═══ RECORDS TO PROCESS ═══

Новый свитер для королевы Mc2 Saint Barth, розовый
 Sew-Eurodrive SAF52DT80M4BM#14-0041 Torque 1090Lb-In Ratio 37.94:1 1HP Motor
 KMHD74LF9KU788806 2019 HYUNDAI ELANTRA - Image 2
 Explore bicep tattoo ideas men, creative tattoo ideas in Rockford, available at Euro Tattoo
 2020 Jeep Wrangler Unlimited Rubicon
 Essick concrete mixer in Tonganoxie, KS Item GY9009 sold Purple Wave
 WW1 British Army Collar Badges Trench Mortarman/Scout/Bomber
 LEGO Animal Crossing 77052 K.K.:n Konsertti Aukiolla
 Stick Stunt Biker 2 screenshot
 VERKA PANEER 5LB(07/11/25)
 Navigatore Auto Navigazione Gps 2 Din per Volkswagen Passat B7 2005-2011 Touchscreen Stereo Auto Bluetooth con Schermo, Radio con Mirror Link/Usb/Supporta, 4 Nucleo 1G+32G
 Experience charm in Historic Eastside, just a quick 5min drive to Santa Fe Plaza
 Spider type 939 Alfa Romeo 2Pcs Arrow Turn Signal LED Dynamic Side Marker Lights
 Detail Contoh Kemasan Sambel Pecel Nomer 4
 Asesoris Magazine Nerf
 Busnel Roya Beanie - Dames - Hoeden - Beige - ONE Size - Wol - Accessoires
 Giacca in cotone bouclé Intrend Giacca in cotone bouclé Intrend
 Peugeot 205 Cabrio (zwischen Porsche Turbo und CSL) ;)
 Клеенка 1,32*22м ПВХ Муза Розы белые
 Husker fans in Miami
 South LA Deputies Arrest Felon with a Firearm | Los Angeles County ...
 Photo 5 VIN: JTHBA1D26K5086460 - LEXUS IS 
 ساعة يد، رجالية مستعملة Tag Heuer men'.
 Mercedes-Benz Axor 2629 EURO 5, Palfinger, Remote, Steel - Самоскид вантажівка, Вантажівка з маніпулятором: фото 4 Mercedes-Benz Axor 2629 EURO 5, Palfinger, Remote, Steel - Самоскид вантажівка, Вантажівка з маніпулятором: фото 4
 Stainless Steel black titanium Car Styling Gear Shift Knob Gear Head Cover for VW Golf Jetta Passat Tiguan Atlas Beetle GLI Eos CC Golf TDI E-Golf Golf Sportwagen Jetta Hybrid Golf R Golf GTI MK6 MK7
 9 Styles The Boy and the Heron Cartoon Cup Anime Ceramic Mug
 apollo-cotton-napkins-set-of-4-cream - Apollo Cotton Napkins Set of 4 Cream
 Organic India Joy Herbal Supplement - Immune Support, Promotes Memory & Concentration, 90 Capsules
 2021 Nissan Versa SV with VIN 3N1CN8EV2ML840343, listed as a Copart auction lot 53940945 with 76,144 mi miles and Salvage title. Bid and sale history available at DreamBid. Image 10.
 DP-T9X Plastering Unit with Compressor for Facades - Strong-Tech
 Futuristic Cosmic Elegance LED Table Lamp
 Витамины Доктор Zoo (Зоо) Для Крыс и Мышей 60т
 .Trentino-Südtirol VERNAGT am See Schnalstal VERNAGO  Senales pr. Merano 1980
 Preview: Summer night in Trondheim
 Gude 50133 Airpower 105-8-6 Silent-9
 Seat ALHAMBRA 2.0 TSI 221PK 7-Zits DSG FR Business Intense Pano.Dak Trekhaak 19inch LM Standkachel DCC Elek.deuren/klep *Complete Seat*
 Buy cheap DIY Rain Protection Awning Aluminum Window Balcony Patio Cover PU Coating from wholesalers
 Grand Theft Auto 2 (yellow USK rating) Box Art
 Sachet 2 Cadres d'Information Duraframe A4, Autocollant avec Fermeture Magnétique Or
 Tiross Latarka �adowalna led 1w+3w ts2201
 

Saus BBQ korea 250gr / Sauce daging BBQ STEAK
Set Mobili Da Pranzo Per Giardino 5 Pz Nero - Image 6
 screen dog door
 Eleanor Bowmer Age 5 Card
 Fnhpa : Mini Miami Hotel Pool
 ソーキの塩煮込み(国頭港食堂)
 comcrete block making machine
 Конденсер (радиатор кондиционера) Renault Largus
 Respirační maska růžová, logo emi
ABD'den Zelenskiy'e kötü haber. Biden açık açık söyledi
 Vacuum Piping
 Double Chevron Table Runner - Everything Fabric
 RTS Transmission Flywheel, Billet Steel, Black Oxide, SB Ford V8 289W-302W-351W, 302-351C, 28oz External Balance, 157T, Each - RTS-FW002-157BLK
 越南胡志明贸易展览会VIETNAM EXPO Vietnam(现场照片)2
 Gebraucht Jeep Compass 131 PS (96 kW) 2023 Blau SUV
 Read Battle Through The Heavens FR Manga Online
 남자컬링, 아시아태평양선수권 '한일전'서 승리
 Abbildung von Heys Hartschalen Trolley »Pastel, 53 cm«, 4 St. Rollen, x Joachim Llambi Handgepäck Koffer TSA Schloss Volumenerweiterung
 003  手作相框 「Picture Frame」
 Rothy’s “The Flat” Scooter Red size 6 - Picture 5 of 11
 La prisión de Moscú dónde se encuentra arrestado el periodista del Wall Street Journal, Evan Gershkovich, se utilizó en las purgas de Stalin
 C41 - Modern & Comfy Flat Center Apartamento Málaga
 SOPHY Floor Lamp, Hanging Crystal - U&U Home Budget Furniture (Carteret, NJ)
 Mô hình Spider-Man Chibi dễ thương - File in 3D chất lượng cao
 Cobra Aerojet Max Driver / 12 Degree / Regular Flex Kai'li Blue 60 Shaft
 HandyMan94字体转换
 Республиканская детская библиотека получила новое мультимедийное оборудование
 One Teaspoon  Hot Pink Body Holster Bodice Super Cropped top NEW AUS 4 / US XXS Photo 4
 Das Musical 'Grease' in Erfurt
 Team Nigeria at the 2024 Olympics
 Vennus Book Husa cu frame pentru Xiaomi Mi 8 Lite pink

═══

TASK TO CARRY OUT
Set down only the lines above that fall between the line holding "Futuristic Cosmic Elegance LED Table Lamp" and the line holding "Grand Theft Auto", inclusive, keeping each exact.

TASK RESULT
 Futuristic Cosmic Elegance LED Table Lamp
 Витамины Доктор Zoo (Зоо) Для Крыс и Мышей 60т
 .Trentino-Südtirol VERNAGT am See Schnalstal VERNAGO  Senales pr. Merano 1980
 Preview: Summer night in Trondheim
 Gude 50133 Airpower 105-8-6 Silent-9
 Seat ALHAMBRA 2.0 TSI 221PK 7-Zits DSG FR Business Intense Pano.Dak Trekhaak 19inch LM Standkachel DCC Elek.deuren/klep *Complete Seat*
 Buy cheap DIY Rain Protection Awning Aluminum Window Balcony Patio Cover PU Coating from wholesalers
 Grand Theft Auto 2 (yellow USK rating) Box Art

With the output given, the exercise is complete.